Bryant Football’s New Head Coach: Buck James

Bryant Hornet Head Coach Buck James

“Jerry ‘Buck’ James is a visionary with a heart for kids. His presence will enable our football program to transcend as a whole.”

– Mike Lee,
Bryant Athletic Director

The Bryant Hornets haven’t had a new head football coach in 13 years. James succeeds Paul Calley, who is now the head coach at Benton Harmony Grove. “Coach James and I have known each other for 25 years, and I feel he will be good for the team for a variety of reasons,” Lee said. “He has a heart for kids and he has assembled what I think is a good coaching staff. They will take on his personality, so in essence we will have all of our football leaders pulling the same rope in the same direction.”

Originally from Pine Bluff where he played various sports growing up–including football of course–James comes to Bryant from Little Rock Christian Academy. He had retired from Camden Fairview before taking on the LRCA offensive line coach and athletic director positions for two years.

During his nine-year tenure at Camden, he took the Cardinals to three state championship games. He was inducted into the Sports Hall of Fame at University of Monticello, named the 2010 Arkansas Coach of the Year by the Little Rock Touchdown Club and named Hooten’s Coach of the Year in 2012.

Coaching is James’s way to give back, he said. Growing up in a single-parent home, James found comfort in his coaches. He considers them his male role models. “They took time to build relationships with me and taught me the right way to live life and how to nurture and develop young men,” he said. “I knew in the eighth grade that I wanted to be a coach. I’ve been involved in athletics all my life. I don’t know anything else.”

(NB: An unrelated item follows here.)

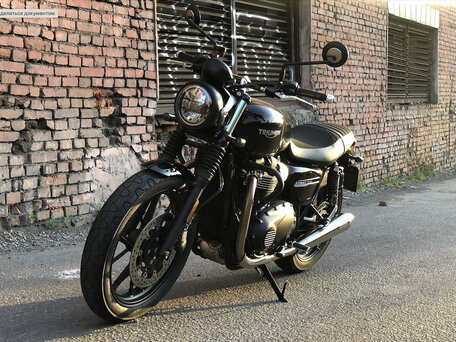 2019 Triumph Street Twin, чёрный, 1150000 рублей, вид 5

His goal has always been to make a difference in young men’s lives. “I strive to be a source of their development, on and off the field,” James said. “Sports is a great tool to teach kids to rise above difficulties in life and help them down the road. It teaches them work ethic and values. It’s more than just a game.”

Winning is also a goal, and James plans to, starting with the notorious Salt Bowl game. A big goal is to win a state championship. “You always want to do that as a coach,” he said. Above all, he noted, “I want every kid to have a good experience and something that stands out when they look back 10 to 15 years from now. My goal is for our kids to get the basics, be guided to the best of their abilities and have fun together.”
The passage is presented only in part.